First of all, the term “social media expert” means nothing. It means nothing because it’s overused, mostly unproven and you’ll get a different definition from everyone that you ask.

It also means nothing because most “social media experts” are a dime a dozen, largely unproven and akin to back alley plastic surgeons – they’ll promise you a pretty face at a cheap price but in the end, you’ll wish you had paid for the real professional.

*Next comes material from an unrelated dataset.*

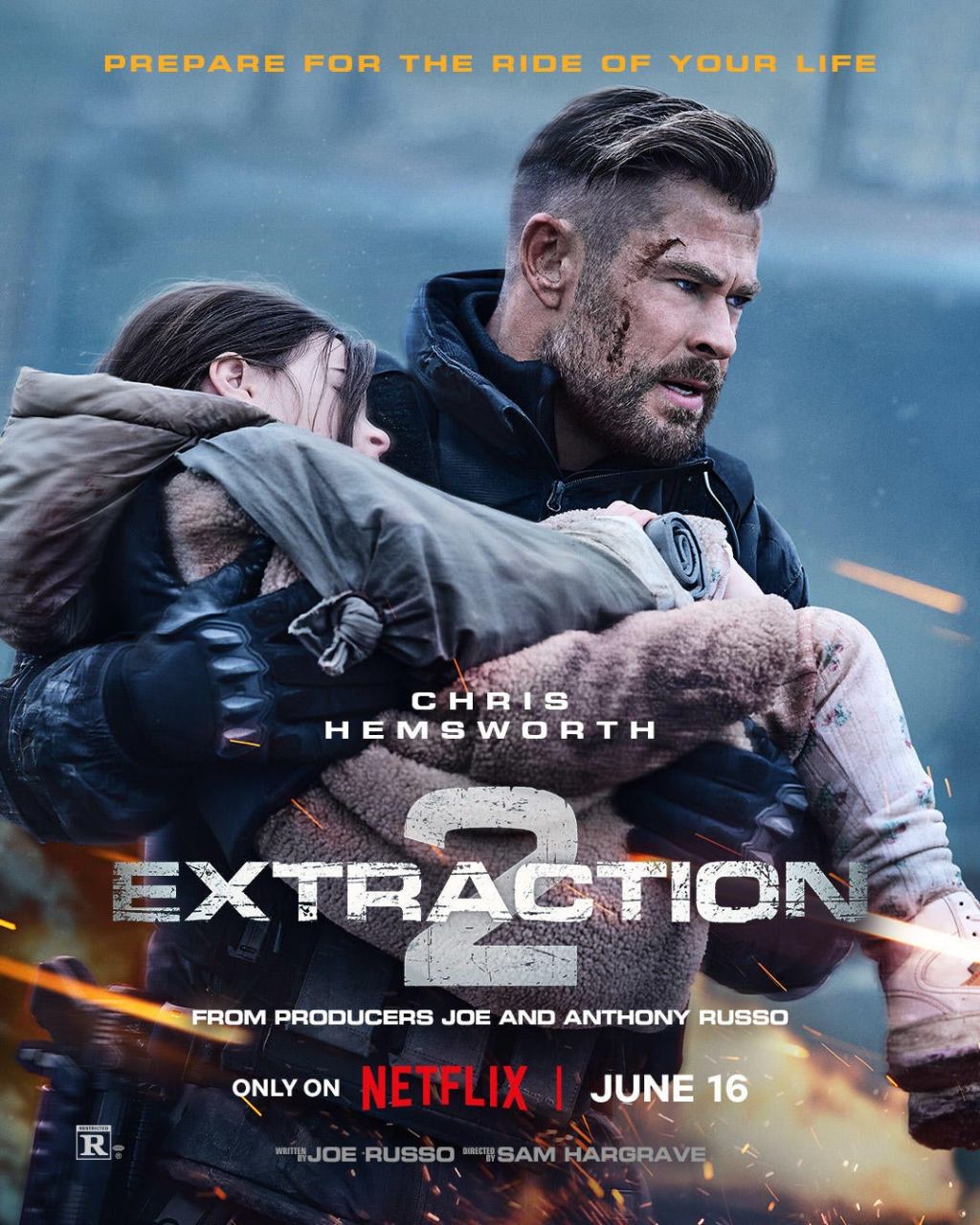 extraction-2-posters-chris-hemsworth.jpg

Many businesses are either glassy-eyed to the term “social media,” or panicking about how to get in on the trend. They are overwhelmed with terms, pitches and news reports about how social media will make or break your business. They see thousands of Twitter follower numbers on someone’s bio and turn to these self-defined social media experts for help. But they’re not doing their homework to determine who the experts really are – and  it’s going to get ugly when these experts make bigger PR and marketing promises that they don’t truly understand – let alone have any proven results to share.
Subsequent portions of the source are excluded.